Treatment of experimental salmonellosis in mice with ampicillin-bound nanoparticles

Abstract

We tested the effectiveness of ampicillin bound to nanoparticles of polyisohexylcyanoacrylate (PIHCA) in treating C57BL/6 mice experimentally infected with Salmonella typhimurium C5. The diameter of the nanoparticles was 187 +/- 13 nm, and the ampicillin/PIHCA ratio was 0.2/1. The proportion of ampicillin bound was 90 +/- 3%. All control mice and all those treated with nonloaded nanoparticles died within 10 days of infection. By contrast, all mice treated with a single injection of 0.8 mg of nanoparticle-bound ampicillin survived. With free ampicillin, a similar curative effect required three doses of 32 mg each. Lower doses delayed but did not reduce mortality.
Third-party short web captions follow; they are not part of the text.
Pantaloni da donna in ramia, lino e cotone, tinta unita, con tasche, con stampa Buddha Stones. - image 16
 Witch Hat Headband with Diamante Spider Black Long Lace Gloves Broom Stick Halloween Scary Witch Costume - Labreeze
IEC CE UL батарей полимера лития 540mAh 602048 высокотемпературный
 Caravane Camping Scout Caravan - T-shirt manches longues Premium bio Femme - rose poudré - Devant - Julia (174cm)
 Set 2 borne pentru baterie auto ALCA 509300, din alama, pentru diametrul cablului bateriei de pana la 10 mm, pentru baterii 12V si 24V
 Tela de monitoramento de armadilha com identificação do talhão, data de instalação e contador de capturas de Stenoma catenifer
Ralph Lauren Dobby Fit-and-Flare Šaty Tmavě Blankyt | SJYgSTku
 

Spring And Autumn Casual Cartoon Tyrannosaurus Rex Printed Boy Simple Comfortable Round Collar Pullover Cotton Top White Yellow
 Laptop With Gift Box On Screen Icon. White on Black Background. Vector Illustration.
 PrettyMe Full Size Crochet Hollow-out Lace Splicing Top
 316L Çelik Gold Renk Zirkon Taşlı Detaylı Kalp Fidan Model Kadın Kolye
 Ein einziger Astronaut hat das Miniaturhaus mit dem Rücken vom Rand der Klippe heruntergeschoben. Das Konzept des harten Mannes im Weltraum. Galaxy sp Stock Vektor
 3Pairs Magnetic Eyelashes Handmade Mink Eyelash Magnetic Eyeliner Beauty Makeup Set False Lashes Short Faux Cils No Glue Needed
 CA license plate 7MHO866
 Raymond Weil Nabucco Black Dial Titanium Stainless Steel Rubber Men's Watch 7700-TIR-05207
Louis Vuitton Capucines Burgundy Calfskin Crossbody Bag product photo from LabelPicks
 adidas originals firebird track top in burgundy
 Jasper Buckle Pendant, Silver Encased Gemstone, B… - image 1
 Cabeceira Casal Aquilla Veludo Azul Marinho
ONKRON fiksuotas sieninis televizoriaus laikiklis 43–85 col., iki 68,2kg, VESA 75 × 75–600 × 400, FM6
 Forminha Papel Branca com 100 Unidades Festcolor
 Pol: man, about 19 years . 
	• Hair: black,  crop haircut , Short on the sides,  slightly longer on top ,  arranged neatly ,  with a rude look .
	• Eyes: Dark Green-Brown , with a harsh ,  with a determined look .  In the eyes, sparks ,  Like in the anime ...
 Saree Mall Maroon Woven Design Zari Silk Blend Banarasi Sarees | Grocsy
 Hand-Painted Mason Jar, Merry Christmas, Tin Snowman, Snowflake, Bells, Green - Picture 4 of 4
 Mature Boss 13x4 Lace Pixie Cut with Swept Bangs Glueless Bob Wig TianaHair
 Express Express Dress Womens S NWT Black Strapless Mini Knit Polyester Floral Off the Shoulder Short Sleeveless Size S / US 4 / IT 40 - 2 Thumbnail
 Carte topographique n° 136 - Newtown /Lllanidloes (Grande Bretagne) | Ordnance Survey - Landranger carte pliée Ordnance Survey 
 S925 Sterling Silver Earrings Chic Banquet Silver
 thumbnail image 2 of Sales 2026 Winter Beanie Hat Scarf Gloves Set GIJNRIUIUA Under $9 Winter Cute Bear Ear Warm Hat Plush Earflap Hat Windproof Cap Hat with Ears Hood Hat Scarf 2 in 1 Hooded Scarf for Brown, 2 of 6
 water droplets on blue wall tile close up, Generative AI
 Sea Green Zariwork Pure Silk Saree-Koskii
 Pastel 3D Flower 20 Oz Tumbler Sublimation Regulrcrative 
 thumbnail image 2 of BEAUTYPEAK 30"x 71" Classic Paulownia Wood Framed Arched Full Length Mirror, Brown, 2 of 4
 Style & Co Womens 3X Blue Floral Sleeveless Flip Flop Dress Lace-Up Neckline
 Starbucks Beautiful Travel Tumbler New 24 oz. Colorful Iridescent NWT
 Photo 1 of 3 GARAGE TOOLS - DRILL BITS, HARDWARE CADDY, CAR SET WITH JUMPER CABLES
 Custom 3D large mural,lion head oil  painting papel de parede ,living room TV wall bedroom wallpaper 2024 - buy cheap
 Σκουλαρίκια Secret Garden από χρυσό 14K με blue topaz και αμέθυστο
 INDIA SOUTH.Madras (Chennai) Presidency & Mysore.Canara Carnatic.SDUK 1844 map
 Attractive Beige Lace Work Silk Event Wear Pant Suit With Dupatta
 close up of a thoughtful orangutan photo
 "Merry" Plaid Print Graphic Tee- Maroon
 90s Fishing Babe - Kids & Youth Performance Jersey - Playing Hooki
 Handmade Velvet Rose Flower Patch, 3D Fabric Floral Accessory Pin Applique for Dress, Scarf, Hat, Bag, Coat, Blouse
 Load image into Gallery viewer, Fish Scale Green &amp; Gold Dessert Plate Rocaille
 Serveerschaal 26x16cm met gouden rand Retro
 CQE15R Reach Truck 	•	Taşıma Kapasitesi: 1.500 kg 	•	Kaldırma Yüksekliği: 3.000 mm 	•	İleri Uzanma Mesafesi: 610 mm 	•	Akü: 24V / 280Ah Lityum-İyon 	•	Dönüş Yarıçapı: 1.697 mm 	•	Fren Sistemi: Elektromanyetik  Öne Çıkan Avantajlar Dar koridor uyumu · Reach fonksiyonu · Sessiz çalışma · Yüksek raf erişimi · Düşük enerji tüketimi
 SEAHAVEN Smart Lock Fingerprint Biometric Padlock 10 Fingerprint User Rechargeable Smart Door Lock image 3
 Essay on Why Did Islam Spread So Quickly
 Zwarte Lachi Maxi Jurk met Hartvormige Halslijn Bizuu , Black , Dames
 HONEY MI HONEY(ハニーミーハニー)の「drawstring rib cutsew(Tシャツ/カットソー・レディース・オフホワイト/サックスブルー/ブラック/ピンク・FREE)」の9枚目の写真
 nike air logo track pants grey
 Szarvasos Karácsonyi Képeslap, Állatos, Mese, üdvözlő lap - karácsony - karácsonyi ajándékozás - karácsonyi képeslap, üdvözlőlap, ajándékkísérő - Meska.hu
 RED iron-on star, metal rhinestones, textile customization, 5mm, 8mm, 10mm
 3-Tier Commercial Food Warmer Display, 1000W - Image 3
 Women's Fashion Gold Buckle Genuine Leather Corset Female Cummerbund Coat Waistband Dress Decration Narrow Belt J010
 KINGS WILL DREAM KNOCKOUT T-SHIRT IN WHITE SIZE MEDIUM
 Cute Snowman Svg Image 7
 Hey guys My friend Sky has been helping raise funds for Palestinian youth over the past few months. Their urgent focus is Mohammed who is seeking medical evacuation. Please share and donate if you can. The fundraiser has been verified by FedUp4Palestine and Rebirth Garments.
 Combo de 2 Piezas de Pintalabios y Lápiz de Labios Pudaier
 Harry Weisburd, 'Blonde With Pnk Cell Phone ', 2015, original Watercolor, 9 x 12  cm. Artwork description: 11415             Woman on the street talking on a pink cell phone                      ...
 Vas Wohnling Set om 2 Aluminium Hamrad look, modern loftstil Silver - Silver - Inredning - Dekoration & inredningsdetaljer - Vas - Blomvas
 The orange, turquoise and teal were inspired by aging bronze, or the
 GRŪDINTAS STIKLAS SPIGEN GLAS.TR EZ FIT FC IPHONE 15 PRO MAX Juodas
The sharp increase in the therapeutic index of ampicillin after linkage to PIHCA nanoparticles was explained by studies of the distribution of ampicillin, which showed that when bound to nanoparticles, the ampicillin was concentrated mainly in the liver and spleen, the primary foci of infection in the experimental model that we used. These findings warrant further development of intracellular targeting of antibiotics on biodegradable polymeric carriers such as PIHCA.